### WORK TO COMPLETE:
Scan the data. Collect each line that contains the word "online".

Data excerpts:
--------------------

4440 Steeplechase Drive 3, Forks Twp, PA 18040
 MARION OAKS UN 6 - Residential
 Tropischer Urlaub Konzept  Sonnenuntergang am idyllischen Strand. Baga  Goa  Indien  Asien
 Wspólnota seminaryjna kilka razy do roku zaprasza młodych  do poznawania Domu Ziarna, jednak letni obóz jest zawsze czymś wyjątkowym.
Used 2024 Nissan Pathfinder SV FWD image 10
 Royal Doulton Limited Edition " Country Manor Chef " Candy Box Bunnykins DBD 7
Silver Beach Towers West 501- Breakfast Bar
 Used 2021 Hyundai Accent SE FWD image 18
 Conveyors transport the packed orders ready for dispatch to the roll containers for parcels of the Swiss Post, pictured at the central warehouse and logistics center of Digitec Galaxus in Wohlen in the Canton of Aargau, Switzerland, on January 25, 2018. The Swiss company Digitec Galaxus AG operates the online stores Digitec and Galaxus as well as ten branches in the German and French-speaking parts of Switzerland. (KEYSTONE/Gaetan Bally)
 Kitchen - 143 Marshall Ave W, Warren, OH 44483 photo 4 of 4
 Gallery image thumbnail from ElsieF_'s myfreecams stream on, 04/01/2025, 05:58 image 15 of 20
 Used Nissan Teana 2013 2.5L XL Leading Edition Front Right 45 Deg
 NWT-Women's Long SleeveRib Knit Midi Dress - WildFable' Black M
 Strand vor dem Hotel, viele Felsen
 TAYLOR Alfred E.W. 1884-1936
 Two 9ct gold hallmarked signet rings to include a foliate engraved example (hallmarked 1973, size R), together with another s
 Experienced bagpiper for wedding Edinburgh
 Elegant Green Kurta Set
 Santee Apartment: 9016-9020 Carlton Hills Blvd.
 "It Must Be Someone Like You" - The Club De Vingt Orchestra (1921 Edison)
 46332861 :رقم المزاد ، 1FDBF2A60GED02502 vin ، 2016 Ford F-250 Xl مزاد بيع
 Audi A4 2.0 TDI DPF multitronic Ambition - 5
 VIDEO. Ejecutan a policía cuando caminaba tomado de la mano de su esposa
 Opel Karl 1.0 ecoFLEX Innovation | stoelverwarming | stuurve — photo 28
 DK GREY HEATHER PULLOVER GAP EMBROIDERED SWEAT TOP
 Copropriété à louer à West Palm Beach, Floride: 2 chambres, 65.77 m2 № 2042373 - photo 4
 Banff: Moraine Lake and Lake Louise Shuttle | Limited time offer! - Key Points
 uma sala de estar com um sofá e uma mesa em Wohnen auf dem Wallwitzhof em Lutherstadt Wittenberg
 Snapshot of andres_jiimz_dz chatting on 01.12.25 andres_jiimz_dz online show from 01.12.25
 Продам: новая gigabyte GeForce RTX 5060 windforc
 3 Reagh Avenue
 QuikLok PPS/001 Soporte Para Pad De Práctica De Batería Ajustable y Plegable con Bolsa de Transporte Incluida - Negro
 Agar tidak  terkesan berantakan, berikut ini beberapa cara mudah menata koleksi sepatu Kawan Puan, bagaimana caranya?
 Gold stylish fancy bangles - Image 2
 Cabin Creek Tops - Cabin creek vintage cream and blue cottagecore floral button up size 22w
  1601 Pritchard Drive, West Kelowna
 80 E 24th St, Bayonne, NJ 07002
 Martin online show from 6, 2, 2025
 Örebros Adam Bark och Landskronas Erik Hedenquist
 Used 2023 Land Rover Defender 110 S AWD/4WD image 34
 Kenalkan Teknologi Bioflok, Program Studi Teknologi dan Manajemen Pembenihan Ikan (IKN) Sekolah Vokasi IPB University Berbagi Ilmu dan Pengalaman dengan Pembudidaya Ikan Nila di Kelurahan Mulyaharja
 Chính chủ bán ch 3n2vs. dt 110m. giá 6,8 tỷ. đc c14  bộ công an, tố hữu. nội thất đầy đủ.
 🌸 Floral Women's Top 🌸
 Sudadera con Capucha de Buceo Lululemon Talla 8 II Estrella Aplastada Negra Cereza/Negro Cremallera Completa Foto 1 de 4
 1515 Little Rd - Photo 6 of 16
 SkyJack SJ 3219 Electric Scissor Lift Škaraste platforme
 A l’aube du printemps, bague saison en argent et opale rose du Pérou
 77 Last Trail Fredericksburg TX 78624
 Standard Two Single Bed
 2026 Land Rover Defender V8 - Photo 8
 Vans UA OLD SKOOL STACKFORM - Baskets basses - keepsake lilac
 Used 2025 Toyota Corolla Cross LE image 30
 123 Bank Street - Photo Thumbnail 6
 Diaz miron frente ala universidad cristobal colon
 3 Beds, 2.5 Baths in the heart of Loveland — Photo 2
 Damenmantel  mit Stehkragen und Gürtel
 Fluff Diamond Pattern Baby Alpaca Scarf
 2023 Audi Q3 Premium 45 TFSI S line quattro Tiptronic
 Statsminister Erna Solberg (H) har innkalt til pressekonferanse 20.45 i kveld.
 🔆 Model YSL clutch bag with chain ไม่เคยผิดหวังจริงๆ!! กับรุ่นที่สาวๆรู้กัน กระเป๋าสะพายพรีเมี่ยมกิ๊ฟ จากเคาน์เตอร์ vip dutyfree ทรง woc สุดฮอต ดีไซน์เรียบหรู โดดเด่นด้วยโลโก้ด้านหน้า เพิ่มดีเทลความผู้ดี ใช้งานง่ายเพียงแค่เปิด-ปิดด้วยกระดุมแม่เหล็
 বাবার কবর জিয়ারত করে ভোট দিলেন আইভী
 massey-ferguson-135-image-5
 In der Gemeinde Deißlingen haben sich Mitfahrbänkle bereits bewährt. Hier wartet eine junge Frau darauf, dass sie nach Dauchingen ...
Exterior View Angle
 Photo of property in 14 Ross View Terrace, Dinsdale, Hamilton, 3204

--------------------

### ANSWER:
 Conveyors transport the packed orders ready for dispatch to the roll containers for parcels of the Swiss Post, pictured at the central warehouse and logistics center of Digitec Galaxus in Wohlen in the Canton of Aargau, Switzerland, on January 25, 2018. The Swiss company Digitec Galaxus AG operates the online stores Digitec and Galaxus as well as ten branches in the German and French-speaking parts of Switzerland. (KEYSTONE/Gaetan Bally)
 Snapshot of andres_jiimz_dz chatting on 01.12.25 andres_jiimz_dz online show from 01.12.25
 Martin online show from 6, 2, 2025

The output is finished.